Comment penser l'Homme ?
Compte rendu de l'intervention avec Jean-François Malherbe professeur d’éthique.
Comment penser l’homme, je veux dire l’être humain mâle ou femelle ? Comment penser la question de la liberté, celle de la violence et de la spiritualité ? Voilà ce que nous proposait de discuter Jean-François Malherbe durant son intervention pour la Fève. Comme l’a fait remarqué Guillem avec une pointe d’ironie : « On va traiter de tout ça en un jour et demi ?! »
Eh bien oui. C’est ce qu’a fait devant nos yeux ébahis, Jean-François Malherbe, professeur d’éthique, de nationalité belge, la soixantaine, enseignant actuellement à la faculté de Trente en Italie après une expérience professionnelle riche et variée tant dans les milieux universitaires belges, suisses et canadiens que dans les comités d’éthique de diverses institutions ou entreprises (tels le siège de la Croix Rouge à Genève ou la police municipale de la ville de Lausanne entre autre). Marié, père de 5 enfants selon la tradition familiale, il approche de l’âge de la retraite et questionne depuis quelques temps sa propre trajectoire en mettant toujours plus au centre de ses réflexions personnelles la question du sens de la vie.
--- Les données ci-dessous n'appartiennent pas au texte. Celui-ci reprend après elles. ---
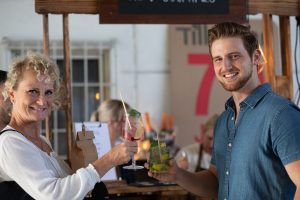 Eine ältere Frau und ein jüngerer Mann stoßen mit Cocktails an einem Veranstaltungsort an. Sie lächeln und sehen entspannt aus, möglicherweise im Rahmen einer Firmenveranstaltung oder Feierlichkeit. Im Hintergrund ist deutlich ein Schild mit der Aufschrift "Tillmann 70 Jahre" zu erkennen.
Il s’intéresse aussi à la question de « Dieu en nous » en référence à divers mystiques comme certains d’entre vous ont pu l’entendre lors de sa conférence du mercredi soir. J’ajoute aussi, qu’il est fana’ d’étymologie, que manifestement c’est un bon vivant et qu’il a créé avec sa femme une « petite école de philosophie » où durant 8h d’affilée le samedi après-midi, chacun peut venir philosopher autour d’une question à décider par le groupe, le tout dans un esprit « épicurien ».
C’est avec tout cela, un abord plutôt convivial et un regard assez malicieux sur la vie que Jean-François nous a proposé sa vision de l’homme, de la liberté, de la violence et de la spiritualité. Après ses exposés, nous avons pu poser quelques questions et débattre ensemble des sujets abordés.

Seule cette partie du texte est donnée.